Look through the records, and wherever the string "green" turns up, copy out that line.

=== SUPPLIED INFORMATION ===

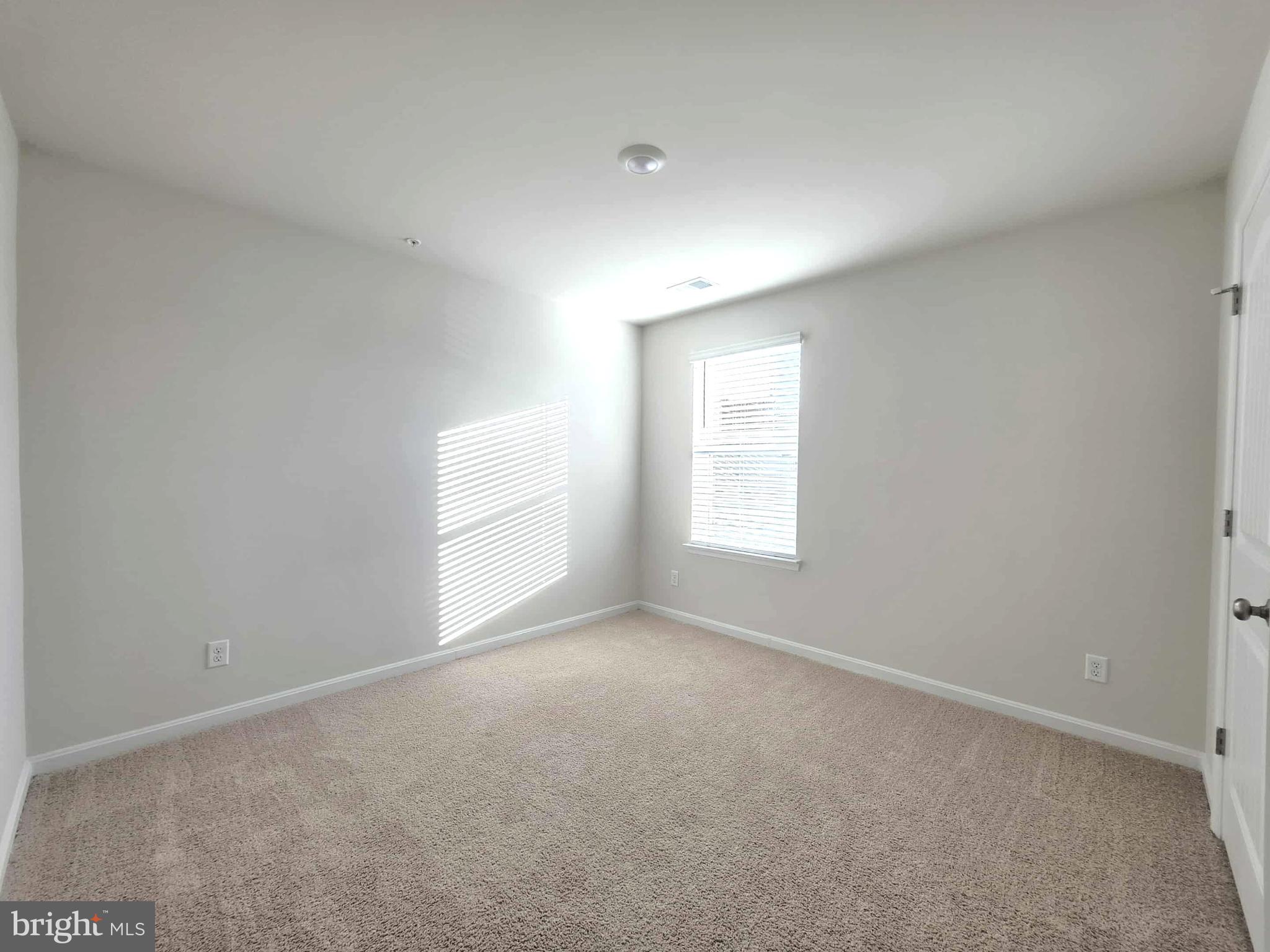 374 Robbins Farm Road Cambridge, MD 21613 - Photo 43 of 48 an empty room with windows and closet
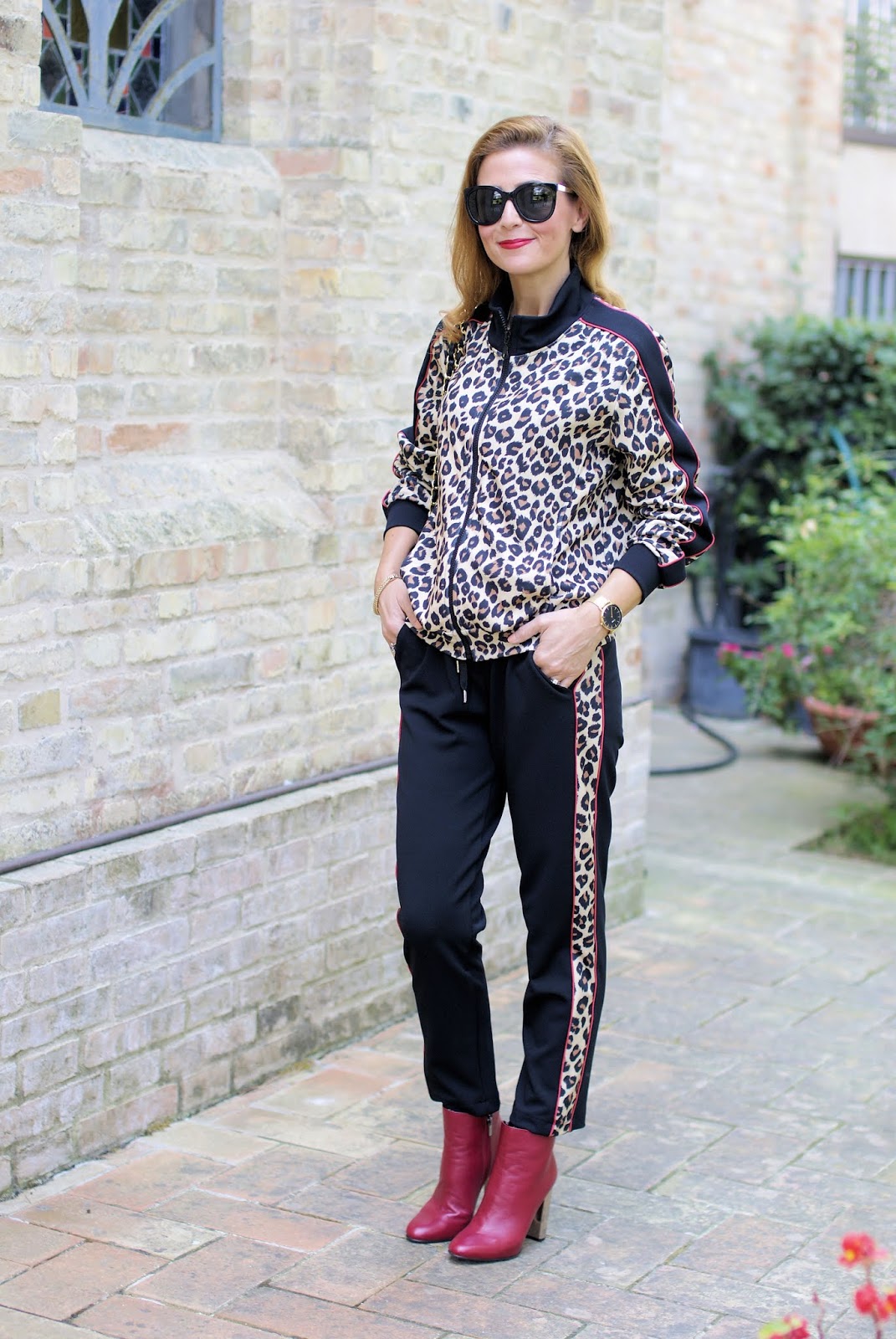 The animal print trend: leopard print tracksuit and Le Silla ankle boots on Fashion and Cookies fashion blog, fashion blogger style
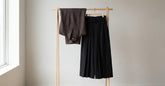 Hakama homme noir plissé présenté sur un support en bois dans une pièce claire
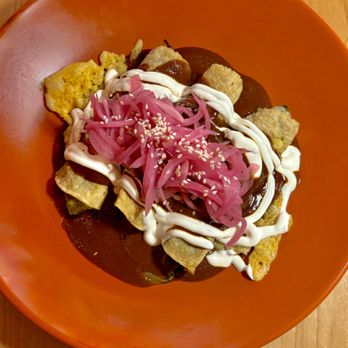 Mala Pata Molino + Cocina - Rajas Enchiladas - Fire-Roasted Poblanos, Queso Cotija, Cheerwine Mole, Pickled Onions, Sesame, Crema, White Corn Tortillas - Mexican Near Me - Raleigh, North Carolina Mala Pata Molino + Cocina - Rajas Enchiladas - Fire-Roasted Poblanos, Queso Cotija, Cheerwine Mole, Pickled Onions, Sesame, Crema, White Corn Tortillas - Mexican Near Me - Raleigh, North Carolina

===
=== SUPPLIED INFORMATION ===

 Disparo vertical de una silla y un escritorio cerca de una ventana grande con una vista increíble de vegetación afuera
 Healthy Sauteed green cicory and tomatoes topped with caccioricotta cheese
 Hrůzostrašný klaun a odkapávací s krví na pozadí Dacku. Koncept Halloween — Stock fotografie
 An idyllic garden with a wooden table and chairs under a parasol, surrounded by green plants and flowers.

===

- _REPLY_
 Healthy Sauteed green cicory and tomatoes topped with caccioricotta cheese
 An idyllic garden with a wooden table and chairs under a parasol, surrounded by green plants and flowers.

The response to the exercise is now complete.